Le professeur de droit constitutionnel, KaïsSaïed, est intervenu ce mercredi 9 juin 2016, sur les ondes d’Express FM pour expliquer la portée de l’initiative présidentielle de former un nouveau gouvernement d’union nationale.
« On dirait qu’on est à la veille de la naissance d’un nouveau système politique différent de celui dicté par la nouvelle constitution. Le président du gouvernement n’est un secrétaire d’Etat, il dépend de l’ARP et doit rendre des comptes aux représentants du peuple et non pas au président de la République. Ce qui se passe en Tunisie aujourd’hui ne s’est jamais vu dans d’autre nations » a dit M. Saïed qui a expliqué ensuite que c’est des représentants de la coalition au pouvoir qui ont abandonné Habib Essid alors que c’est cette même majorité qui l’a placé à la présidence du gouvernement.
« Le problème n’est pas l’initiative du président de la République mais ce qu’il en résultera, et est-ce que, finalement, ce gouvernement d’union nationale fonctionnera différemment des gouvernements qui ont failli et qui l’on précédé ? Ou encore, est-ce que cette initiative a-t-elle été proposée pour régler des comptes à l’intérieur de la coalition au pouvoir ? » a questionné l’expert en droit constitutionnel.

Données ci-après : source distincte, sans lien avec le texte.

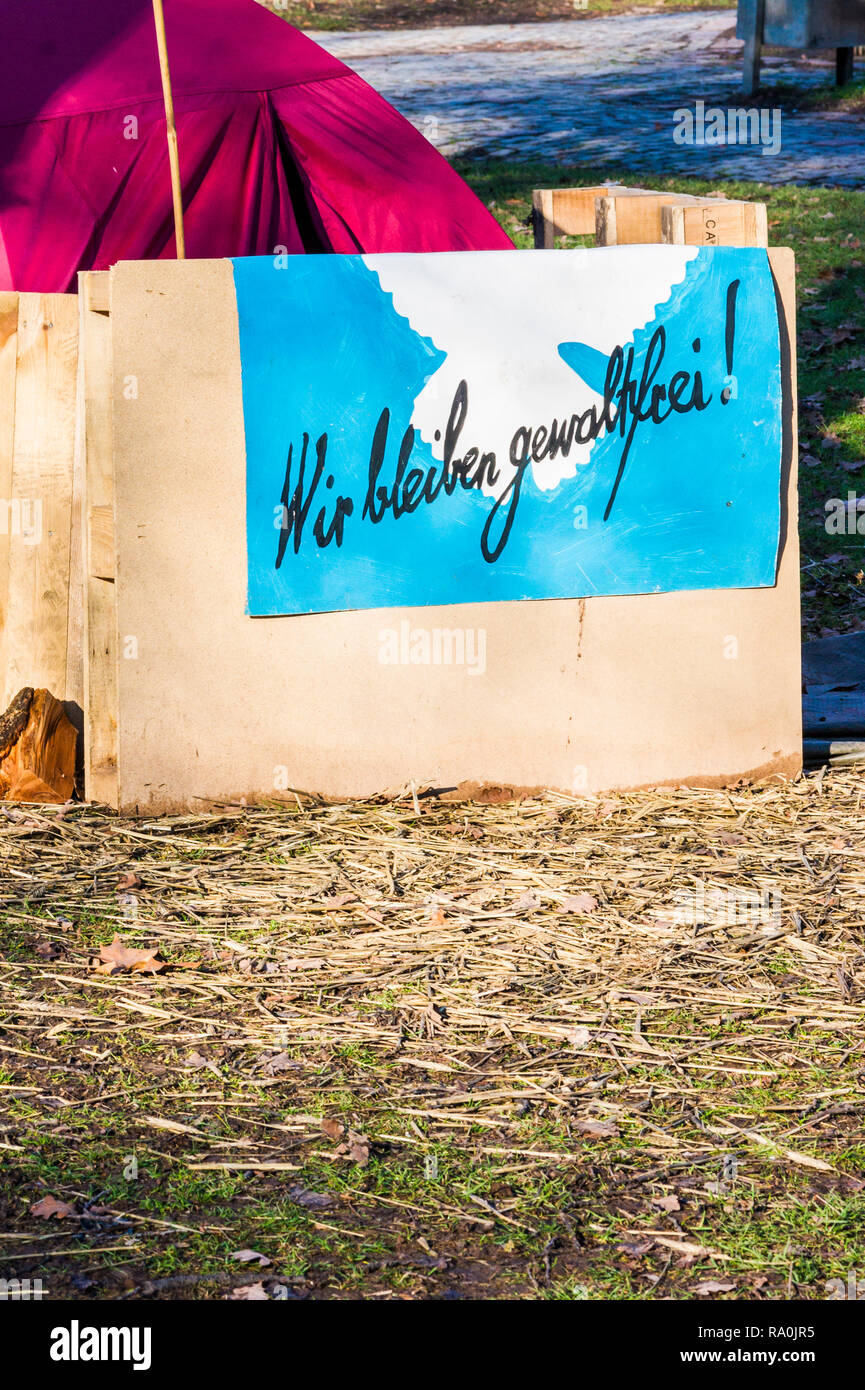 Poster, Text lautet: "Wir bleiben gewaltfrei' / Wir nicht bleiben - gewaltsamen ' Stockfoto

Kaïs Saïed a conclu citant ce que dit la nouvelle constitution dans ce contexte :
« L’article 98 de la constitution dit que si le chef du gouvernement présente sa démission au chef de l’Etat, ou démissionne à la suite d’un vote de confiance, c’est tout le gouvernement qui doit être reformé, aussi l’article dit dans ce cas que c’est le président de la République qui doit nommer un nouveau chef de gouvernement ».
Et donc le groupe parlementaire qui a le plus de poids à l’ARP ne peut nommer le chef du gouvernement.